It’s a hot summer night, and your unit has been working nonstop when a call comes in: “Unit 172, respond to 3317 Court Street, 1st floor; 62-year-old male, chest pain, difficulty breathing.” On arrival, you and your partner find an obese gentleman in the tripod position, gasping for breath. He has a nasal cannula on, with 30 feet of tubing going to an oxygen tank in an adjacent room. On the table beside him, you notice three different types of inhalers and an ashtray full of cigarette butts. Your partner begins to place the bell of his stethoscope in various places around the man’s expansive, fat-padded chest. Just as you are beginning to doubt that he is hearing anything, a perplexed look crosses his face, and he asks: “Does this sound like rales to you, or rhonchi?”
One of the most important and difficult skills that an EMS provider must learn and master is assessment of lung sounds. This includes not only becoming skilled at knowing where to place a stethoscope to listen correctly to the lungs and identify the various sounds, but also what potential problems they indicate and how to properly address their presence in the field. Correct recognition of lung sounds and the subsequent appropriate treatment can make all the difference in managing patients with respiratory compromise.
From the early 1800s, when René T. H. Laënnec invented the first crude stethoscope, medical providers have used auscultation of the chest to enhance their ability to properly examine patients.1 Prior to that, doctors placed their ears directly on patients’ chests to hear lung sounds.
EMS providers now have access to cutting-edge technology to help them better recognize and differentiate lung sounds. Stethoscopes have advanced significantly since the early days of Laënnec. Current models are available with enhanced acoustics and built-in microphones designed to amplify sounds several times louder than traditional scopes. Bell-head configurations allow the user to alternate between low, middle and high tones by simply adjusting the pressure used to hold the scope to the skin. In addition to enhanced equipment, EMS providers are also armed with advanced resources to better train themselves in lung sound recognition. A wide variety of sample breath sounds can be found on media ranging from audio CDs distributed with textbooks to Internet-based downloadable WAV files. As computer-programmable training manikins become more affordable, greater numbers of prehospital providers can gain invaluable practice locating and identifying critical changes in patients’ respiratory patterns in a classroom setting.
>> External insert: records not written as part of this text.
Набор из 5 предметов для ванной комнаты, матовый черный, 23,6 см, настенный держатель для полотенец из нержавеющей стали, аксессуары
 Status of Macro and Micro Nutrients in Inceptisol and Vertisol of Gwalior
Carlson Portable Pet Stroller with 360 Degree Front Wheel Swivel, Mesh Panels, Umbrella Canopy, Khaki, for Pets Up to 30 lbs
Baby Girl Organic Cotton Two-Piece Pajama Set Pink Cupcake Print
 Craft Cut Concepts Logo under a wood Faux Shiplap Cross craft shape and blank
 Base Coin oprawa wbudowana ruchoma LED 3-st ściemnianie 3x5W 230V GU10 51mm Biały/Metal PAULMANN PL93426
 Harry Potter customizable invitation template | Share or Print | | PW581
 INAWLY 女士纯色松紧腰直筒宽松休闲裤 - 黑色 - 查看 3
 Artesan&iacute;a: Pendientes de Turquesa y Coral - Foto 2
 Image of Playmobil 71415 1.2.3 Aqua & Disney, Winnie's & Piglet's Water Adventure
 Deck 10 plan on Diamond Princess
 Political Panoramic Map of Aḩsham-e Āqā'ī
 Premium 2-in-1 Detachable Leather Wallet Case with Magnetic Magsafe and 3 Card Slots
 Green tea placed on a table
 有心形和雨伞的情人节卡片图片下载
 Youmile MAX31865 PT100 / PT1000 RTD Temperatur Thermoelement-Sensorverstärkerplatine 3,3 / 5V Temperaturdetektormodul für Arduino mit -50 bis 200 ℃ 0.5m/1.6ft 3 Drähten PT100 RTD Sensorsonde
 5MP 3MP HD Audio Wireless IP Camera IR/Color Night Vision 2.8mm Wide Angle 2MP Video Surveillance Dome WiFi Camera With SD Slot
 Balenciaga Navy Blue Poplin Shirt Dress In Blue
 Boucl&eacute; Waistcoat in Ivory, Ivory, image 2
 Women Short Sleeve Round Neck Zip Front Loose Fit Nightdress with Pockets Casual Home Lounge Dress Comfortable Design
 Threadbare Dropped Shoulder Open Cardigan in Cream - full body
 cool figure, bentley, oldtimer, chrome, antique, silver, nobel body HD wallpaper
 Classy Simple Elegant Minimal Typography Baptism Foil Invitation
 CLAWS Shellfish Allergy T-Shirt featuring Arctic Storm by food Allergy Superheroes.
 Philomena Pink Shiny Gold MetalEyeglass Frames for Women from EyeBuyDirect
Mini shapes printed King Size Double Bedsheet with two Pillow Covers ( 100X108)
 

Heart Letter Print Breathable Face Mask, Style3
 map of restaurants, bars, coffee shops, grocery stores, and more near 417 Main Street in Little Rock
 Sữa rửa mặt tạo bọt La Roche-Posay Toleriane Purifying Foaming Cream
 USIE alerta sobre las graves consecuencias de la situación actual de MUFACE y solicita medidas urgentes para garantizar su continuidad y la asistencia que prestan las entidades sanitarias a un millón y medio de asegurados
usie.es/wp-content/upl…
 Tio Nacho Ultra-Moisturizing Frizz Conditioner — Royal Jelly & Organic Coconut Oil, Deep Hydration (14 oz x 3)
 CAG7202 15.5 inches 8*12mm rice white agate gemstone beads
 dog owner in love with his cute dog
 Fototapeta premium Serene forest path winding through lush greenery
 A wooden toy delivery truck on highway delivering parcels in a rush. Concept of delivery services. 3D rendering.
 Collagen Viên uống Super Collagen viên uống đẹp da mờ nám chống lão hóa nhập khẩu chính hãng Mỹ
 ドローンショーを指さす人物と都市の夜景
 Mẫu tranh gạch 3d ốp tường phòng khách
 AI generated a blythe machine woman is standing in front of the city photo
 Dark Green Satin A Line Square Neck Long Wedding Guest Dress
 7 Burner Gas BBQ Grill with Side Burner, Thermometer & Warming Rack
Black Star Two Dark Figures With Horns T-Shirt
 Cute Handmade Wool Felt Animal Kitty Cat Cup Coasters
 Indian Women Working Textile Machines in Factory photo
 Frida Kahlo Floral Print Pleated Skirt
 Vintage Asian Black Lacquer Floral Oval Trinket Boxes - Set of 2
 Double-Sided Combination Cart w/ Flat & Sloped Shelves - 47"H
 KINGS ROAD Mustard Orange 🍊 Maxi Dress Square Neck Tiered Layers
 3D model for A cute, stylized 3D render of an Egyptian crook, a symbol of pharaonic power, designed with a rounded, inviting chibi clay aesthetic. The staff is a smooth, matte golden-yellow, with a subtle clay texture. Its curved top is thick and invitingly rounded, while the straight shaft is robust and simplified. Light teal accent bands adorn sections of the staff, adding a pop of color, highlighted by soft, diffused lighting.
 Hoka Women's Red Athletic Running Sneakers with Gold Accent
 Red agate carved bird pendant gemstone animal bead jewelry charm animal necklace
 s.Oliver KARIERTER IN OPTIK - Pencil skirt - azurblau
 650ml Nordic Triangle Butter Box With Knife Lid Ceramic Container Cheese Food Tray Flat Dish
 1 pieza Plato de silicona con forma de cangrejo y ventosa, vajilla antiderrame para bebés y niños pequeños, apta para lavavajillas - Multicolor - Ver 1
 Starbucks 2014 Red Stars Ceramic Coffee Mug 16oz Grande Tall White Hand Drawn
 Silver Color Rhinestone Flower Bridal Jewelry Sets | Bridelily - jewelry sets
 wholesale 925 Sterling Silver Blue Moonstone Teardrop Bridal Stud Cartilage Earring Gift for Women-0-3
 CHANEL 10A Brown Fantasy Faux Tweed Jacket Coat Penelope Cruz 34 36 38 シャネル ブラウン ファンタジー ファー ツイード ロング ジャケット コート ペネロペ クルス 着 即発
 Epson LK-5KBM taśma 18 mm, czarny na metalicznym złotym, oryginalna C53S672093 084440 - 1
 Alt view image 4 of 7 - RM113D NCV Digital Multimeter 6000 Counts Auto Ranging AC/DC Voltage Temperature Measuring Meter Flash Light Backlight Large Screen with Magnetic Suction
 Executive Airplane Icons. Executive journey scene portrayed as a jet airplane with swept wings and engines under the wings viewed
Webster defines auscultation as “the act of listening to sounds arising within organs [as the lungs] as an aid to diagnosis and treatment.” The stethoscope not only amplifies sounds, it also filters out unwanted noise, if positioned correctly. Of primary importance in properly auscultating a patient’s lung sounds is the placement of the stethoscope on the chest wall. If it is incorrectly placed, you may hear body processes other than breath sounds, such as gastrointestinal activity, or nothing at all, especially if it is placed over bone.
Knowing your way around the thoracic cavity and its organs is most helpful in remembering the locations to best assess lung function. Some fundamentals of anatomy to remember include:
• Although of similar size, the right lung has three lobes and the left has two.
• From the anterior (front) perspective, the lungs extend from the top of the rib cage, just above the clavicle (collarbone), down to about the level of the sixth intercostal space (6th ICS).
• The diaphragm defines the bottom of the thoracic cavity. To allow for the space needed by the abdominal organs, the shape of this muscular wall is normally concave when relaxed, pressing up against the lungs.